20.2.10 Section-by-Section Processing [#]
In this section, we describe a component that allows processing documents section-by-section. Processing documents this way is useful for many reasons:
For example, a patent document has several diﬀerent sections but user is interested in processing only the ‘claims’ section or the ‘technical details section’. This is also useful for processing a large document where processing it as a single document is not possible and the only alternative is to divide it in several small documents to process them independently. However, doing so would need another process that merges all the small documents and their annotations back into the original document. On the other hand, a webpage may contain proﬁles of diﬀerent people. If the document has more than one person with similar names, running the ‘Orthomatcher PR’ on such a document would produce incorrect coreference chains.
All such problems can be solved by using a PR called ‘Segment Processing PR’. This PR is distributed as part of the ‘Alignment’ plugin.

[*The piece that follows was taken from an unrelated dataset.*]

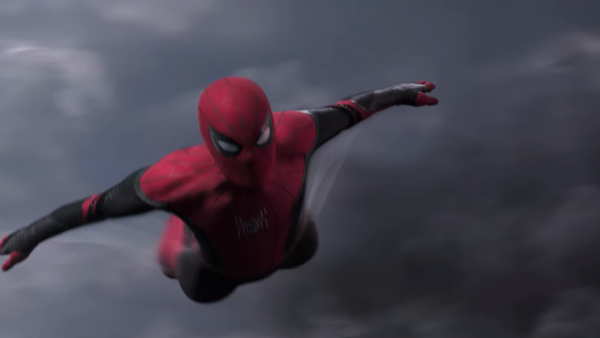 Spider-Man Far From Home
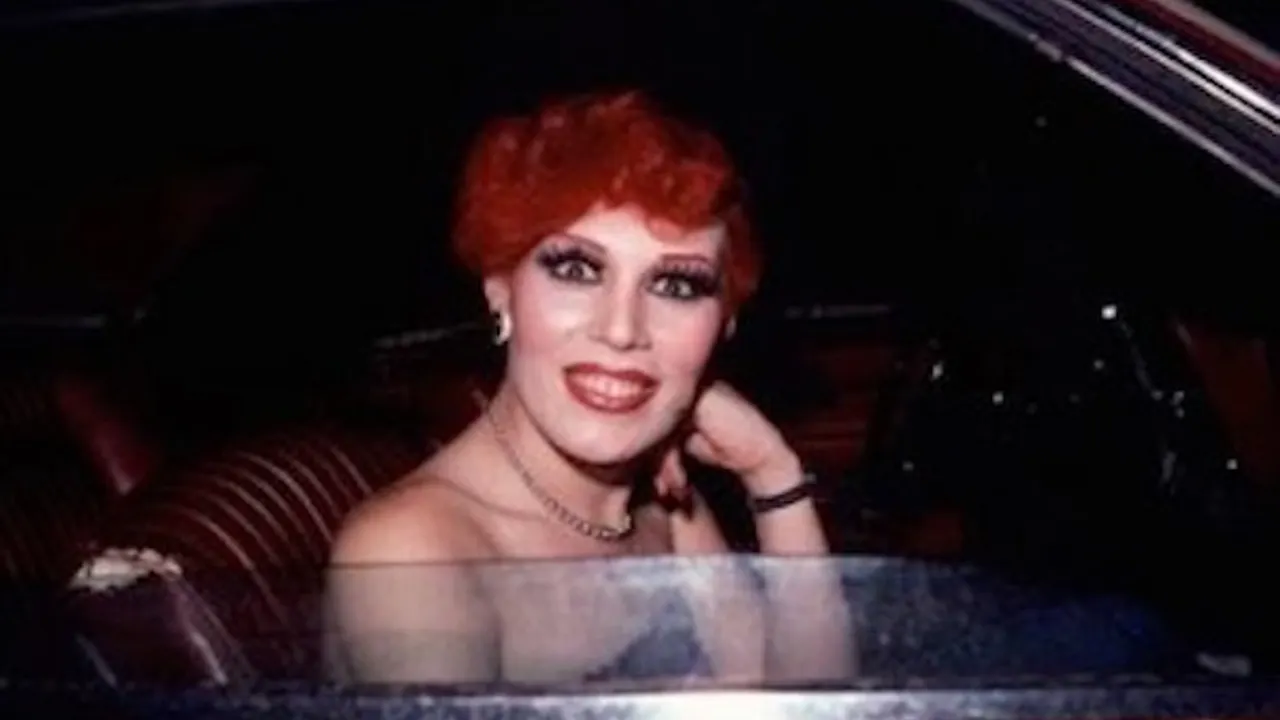 ARLENE GOTTFRIED BACALAITOS AND FIREWORKS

User needs to provide the following four parameters to run this PR.
document: This is the document to be processed.
analyser: This can be a PR or a corpus controller that needs to be used for processing the segments of the document.
segmentAnnotationType: Sections of the documents (that need to be processed) should be annotated with some annotation type and the type of such annotation should be provided as the value to this parameter.
segmentAnnotationFeatureName and segmentAnnotationFeatureValue: If user has provided values for these parameters, only the annotations with the sepciﬁed feature name and feature value are processed with the Segment Processing PR.
inputASName: This is the name of the annotation set that contains the segment annotations.
Given these parameters, each span in the document that is annotated as the type speciﬁed by the segmentAnnotationType is processed independently.
Given a corpus of publications, if you just want to process the abstract section with the ANNIE application, please follow the following steps. It is assumed that the boundaries of abstracts in all these publications are already identiﬁed. If not, you would have to do some processing to identify them prior to using the following steps. In the following example, we assume that the abstract boundaries have been annotated as ‘Abstract’ annotations and stored under the ‘Original markups’ annotation set.
Create a new corpus and populate it with a set of publications that you would like to process with ANNIE.
Load the ANNIE application.
Load the ‘Alignment’ plugin.
Create an instance of the ‘Segment Processing PR’ by selecting it from the list of processing resources.
Create a corpus pipeline.
Add the ‘Segment Processing PR’ into the pipeline and provide the following parameters:
Provide the corpus with publication documents in it as a parameter to the corpus controller.
Select the ‘ANNIE’ controller for the ‘controller’ parameter.
Type ‘Abstract’ in the ‘segmentAnnotationType’ parameter.
Type ‘Original markups’ in the ‘inputASName’ parameter.
Run the application.
Now, you should see that the ANNIE application has only processed the text in each document that was annotated as ‘Abstract’.